------ DATA FOR THIS EXERCISE

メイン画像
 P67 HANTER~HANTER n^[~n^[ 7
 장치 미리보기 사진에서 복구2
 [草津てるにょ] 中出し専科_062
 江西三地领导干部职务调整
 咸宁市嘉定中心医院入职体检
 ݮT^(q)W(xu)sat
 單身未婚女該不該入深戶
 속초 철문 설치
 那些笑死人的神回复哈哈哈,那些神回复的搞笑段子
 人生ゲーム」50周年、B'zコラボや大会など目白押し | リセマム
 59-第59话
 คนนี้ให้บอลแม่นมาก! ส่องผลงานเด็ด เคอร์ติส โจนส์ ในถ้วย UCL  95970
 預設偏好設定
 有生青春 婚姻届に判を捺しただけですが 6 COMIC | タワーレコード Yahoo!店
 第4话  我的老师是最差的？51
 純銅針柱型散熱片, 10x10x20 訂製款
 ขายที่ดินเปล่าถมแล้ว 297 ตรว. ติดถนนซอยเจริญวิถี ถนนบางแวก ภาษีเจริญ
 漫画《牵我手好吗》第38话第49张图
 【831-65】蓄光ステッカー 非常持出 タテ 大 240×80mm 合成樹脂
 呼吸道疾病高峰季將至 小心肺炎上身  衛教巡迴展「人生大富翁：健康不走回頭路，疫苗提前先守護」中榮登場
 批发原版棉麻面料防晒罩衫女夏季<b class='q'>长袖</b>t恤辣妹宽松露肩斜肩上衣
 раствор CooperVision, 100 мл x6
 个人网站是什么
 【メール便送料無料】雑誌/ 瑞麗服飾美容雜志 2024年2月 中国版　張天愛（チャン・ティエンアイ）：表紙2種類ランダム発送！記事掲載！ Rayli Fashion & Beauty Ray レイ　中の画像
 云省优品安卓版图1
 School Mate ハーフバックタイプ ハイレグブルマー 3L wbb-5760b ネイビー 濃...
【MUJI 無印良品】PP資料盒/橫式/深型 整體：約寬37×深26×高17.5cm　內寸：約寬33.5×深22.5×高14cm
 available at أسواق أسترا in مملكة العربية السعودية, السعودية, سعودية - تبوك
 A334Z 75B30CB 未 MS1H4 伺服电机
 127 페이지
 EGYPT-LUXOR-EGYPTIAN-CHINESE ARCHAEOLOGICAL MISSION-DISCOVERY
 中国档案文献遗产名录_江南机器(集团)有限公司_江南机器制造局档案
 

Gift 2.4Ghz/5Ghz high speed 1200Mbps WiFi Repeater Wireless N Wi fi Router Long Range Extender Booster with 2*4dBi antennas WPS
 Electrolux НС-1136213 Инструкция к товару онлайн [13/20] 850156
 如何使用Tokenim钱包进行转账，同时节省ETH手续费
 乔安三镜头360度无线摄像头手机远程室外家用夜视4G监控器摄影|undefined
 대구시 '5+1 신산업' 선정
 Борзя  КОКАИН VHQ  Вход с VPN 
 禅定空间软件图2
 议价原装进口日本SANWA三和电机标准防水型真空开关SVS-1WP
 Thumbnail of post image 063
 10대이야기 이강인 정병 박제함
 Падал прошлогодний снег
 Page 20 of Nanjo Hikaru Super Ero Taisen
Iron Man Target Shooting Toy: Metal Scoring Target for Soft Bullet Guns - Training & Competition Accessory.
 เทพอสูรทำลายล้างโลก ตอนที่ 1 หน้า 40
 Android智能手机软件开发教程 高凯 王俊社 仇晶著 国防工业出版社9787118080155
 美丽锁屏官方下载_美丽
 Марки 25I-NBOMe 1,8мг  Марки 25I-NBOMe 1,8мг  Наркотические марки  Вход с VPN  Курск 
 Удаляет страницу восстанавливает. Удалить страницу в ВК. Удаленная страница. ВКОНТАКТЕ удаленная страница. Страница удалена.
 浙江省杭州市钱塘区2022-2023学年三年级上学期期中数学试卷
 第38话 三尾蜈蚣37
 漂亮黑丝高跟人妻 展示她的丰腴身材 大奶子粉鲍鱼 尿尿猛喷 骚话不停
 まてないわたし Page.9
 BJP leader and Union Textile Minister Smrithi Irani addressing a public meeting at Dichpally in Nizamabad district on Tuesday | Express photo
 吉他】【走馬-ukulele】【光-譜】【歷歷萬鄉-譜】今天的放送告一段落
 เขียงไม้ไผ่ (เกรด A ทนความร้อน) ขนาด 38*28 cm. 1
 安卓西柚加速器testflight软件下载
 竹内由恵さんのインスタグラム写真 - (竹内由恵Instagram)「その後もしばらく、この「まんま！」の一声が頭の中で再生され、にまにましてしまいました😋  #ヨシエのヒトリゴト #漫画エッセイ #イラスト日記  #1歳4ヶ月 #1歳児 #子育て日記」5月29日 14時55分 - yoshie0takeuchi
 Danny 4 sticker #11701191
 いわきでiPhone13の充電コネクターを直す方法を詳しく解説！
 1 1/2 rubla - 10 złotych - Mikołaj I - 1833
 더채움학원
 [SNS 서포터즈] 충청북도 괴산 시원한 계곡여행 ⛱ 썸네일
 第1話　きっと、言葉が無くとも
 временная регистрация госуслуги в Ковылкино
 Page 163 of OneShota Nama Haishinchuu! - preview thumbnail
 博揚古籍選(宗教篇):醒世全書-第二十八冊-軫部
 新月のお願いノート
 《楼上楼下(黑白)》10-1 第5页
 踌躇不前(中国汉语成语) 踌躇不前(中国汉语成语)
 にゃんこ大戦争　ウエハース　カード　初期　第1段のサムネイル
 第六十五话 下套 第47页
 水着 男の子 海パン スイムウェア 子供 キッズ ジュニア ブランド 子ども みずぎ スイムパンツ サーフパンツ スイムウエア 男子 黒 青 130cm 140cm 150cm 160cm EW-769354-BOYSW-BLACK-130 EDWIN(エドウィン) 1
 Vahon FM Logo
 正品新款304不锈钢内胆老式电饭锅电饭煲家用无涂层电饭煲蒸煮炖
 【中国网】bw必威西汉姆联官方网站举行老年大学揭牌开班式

------------

Beginning at the line that contains "博揚古籍選(宗教篇):醒世全書-第二十八冊-軫部", reproduce every line down to the last line of the entries above, exactly and only those.

 博揚古籍選(宗教篇):醒世全書-第二十八冊-軫部
 新月のお願いノート
 《楼上楼下(黑白)》10-1 第5页
 踌躇不前(中国汉语成语) 踌躇不前(中国汉语成语)
 にゃんこ大戦争　ウエハース　カード　初期　第1段のサムネイル
 第六十五话 下套 第47页
 水着 男の子 海パン スイムウェア 子供 キッズ ジュニア ブランド 子ども みずぎ スイムパンツ サーフパンツ スイムウエア 男子 黒 青 130cm 140cm 150cm 160cm EW-769354-BOYSW-BLACK-130 EDWIN(エドウィン) 1
 Vahon FM Logo
 正品新款304不锈钢内胆老式电饭锅电饭煲家用无涂层电饭煲蒸煮炖
 【中国网】bw必威西汉姆联官方网站举行老年大学揭牌开班式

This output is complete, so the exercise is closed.